Speaking after the NBA’s Board of Governors meeting on Tuesday night, Silver said he thinks the league is ready to scrap the rule requiring players to be out of high school for a year before becoming eligible to enter the draft. That one should be relatively simple to move forward now, while notions such as how to find more competitive balance are still a puzzler to the league and its commissioner.
“I’m not here to say we have a problem,” Silver said. “And I love where the league is right now. But I think we can create a better system.”
Part of that better system, he thinks, will be reverting back to the policy that will allow players to go into the league right out of high school — something that should be in place in time for the 2021 NBA Draft, though that timeline has not been formally announced. Silver was a proponent of making the eligibility age older, up to 20 instead of the current 19, though has changed his stance on that in recent weeks.
“My personal view is that we’re ready to make that change,” Silver said. “It won’t come immediately. But when I’ve weighed the pros and cons, given that Condoleezza Rice and her commission have recommended to the NBA that those one-and-done players now come directly into the league and in essence the college community is saying ‘We do not want those players anymore,’ I think that tips the scale in my mind.”

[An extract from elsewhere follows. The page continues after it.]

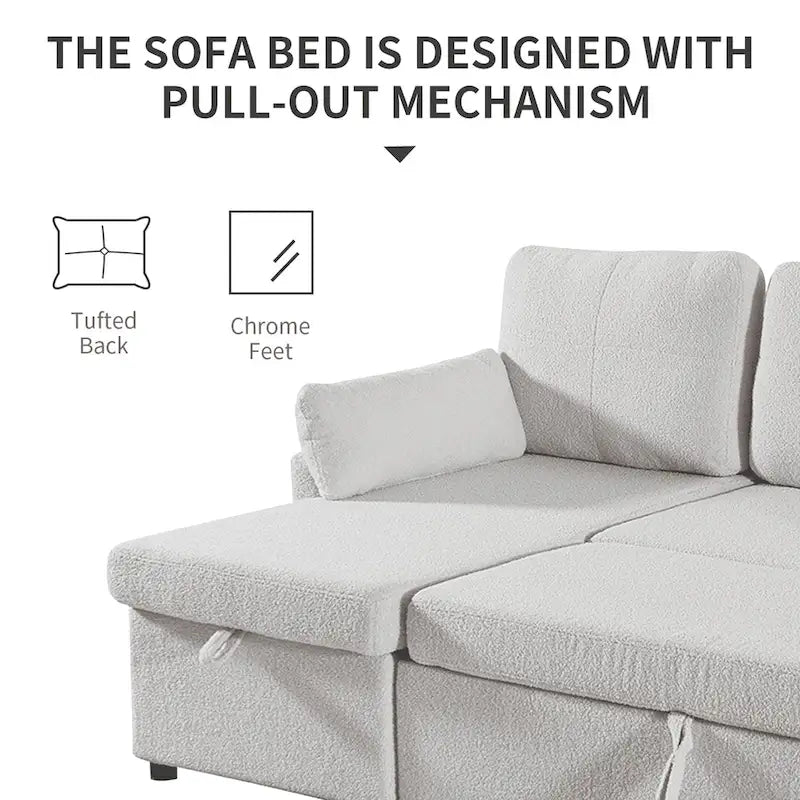 Pull Out Sofa Bed with Storage Chaise L Shape Sectional Sofa Bed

Michele Roberts, the National Basketball Players Association’s newly re-elected executive director — the players’ union announced a new four-year deal for her earlier Tuesday — has had talks with Silver on the topic, though she stopped short of revealing specifics. Any change to the rule will require that the league’s Collective Bargaining Agreement will have to be amended.
“Stay tuned,” Roberts said, adding, “I suspect that we’ll have some news in the next few months.”

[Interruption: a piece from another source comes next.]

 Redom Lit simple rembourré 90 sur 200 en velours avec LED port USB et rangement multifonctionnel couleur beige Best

Now that Silver is on board, that switch should be painless. So, too, will be a relatively minor tweak to free agency rules, that being a likely change to what has been the traditional 12:01 a.m. EDT start time on July 1. Silver said he’s no fan of the all-night news cycle that has accompanied the official start of free agency, and without divulging what will happen he made clear that it’ll be different for 2019.
But creating parity, that one isn’t going to be simple.
Golden State has won three of the last four NBA championships, and this summer saw the Warriors land DeMarcus Cousins for a $5.3 million — a mere pittance by NBA standards for an All-Star, even one recovering from an Achilles’ tear. LeBron James left Cleveland for the Los Angeles Lakers, which will likely make the loaded Western Conference even more competitive.
Making the playoffs out West will probably be much tougher than getting there out of the East.
“It’s on me and our labor relations committee ultimately to sit with the players and their committee and convince them that there may be a better way of doing things,” Silver said. “By that, meaning change ultimately in the Collective Bargaining Agreement. … I don’t necessarily think it’s, per se, bad that the Warriors are so dominant. We’re not trying to create some sort of forced parity. What we’re really focused on is parity of opportunity.”
Roberts said she sees no shortage of good teams in the league.
“Competitive balance, it kind of almost depends upon what your favorite team is,” Roberts said. “I don’t hear anyone in the Bay Area worrying about competitive balance. I also don’t hear people in Philadelphia worrying about competitive balance, or Houston. We’ve got great teams. It’s never been the case that I was not able, most of the time, be able to predict who was going to be in the finals.”